Planning a Linkage Project

Learn about record linkage. Information from multiple data files can be combined and studied if records for the same person can be paired together (linked or matched). LinkSolv finds linked pairs by comparing data values on candidate pairs of records and calculating the probabilities that the pairs are true links given all comparison outcomes. Any data reported in both files can be compared including person names, birthdates, ages, sexes, residence locations, event dates, and event locations. With accurate probabilities it is easy to distinguish good links from the rest. Bayesian statistical models are the basis for probability calculations  agreements increase likelihoods and probabilities while disagreements decrease likelihoods and probabilities. The precise form of the statistical models varies substantially between linkage practitioners but all aim to compare the probability of a particular outcome for a true matched pair versus an unmatched pair. Data values to be compared in linkage models must be standardized so that equivalent information is coded in the same way.

Become familiar with LinkSolv. Become familiar with record linkage using LinkSolv by flying the Auto Pilot and reviewing linkage results. The Auto Pilot follows a predefined flight plan to create fake data and complete a real linkage project. It displays a description of each step in the process. Descriptions are logged automatically and can be reviewed in a report after the Auto Pilot flight is complete. You can Pause/Run or Stop the Auto Pilot while any description is displayed by clicking on the appropriate command button.

Learn the characteristics of your data. Become familiar with the data files to be linked and the data fields reported on each record. Review documentation for data files and interview data owners. Learn about coding standards, completeness, and accuracy of reported data. Investigate how you might standardize and compare different data fields.
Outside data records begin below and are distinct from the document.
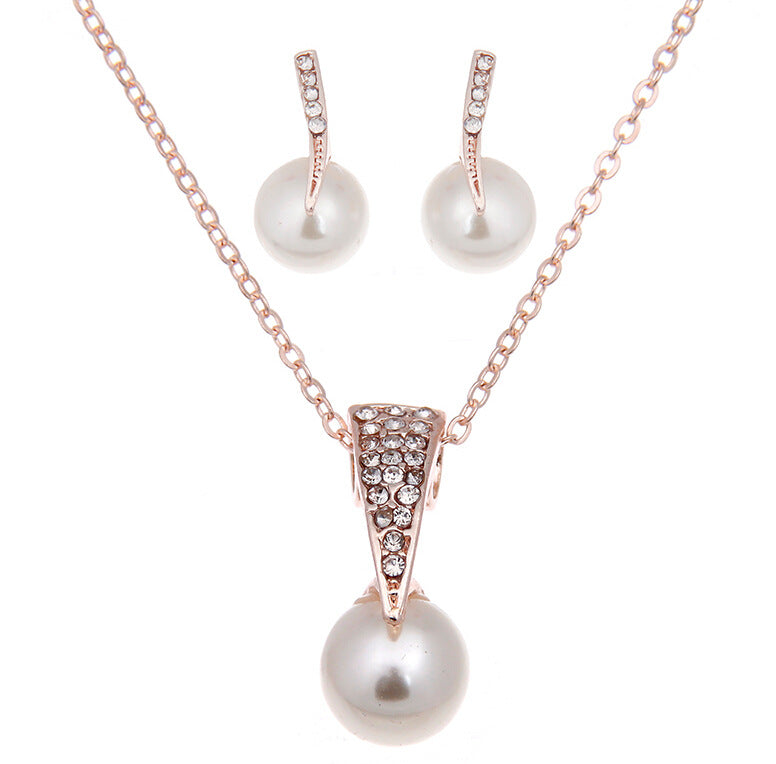 Pearl necklace set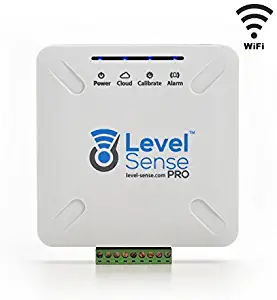 Level Sense PRO- Wi-Fi Enabled Sump Pump, Internal Self Recharging Battery, Temperature, Humidity, and Leak Detector. Displays Levels online.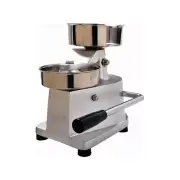 Eurodib USA HF130 5" Countertop Hamburger Patty Press, Aluminum Construction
Select and link sample data. Select and link sample records from your data files, say all records for events in June from a year of records or all records for people born in June. You can evaluate different linkage models more quickly to find one with good fit. Measure the effects of comparisons with tolerances and comparisons with dependent outcomes. Inaccurate estimates of model parameters can lead to inaccurate values for linkage probabilities. Linking a sample of your records helps you improve parameter estimates used for the full linkage because you can compare prior and posterior estimates for the sample linkage and detect poor model fit.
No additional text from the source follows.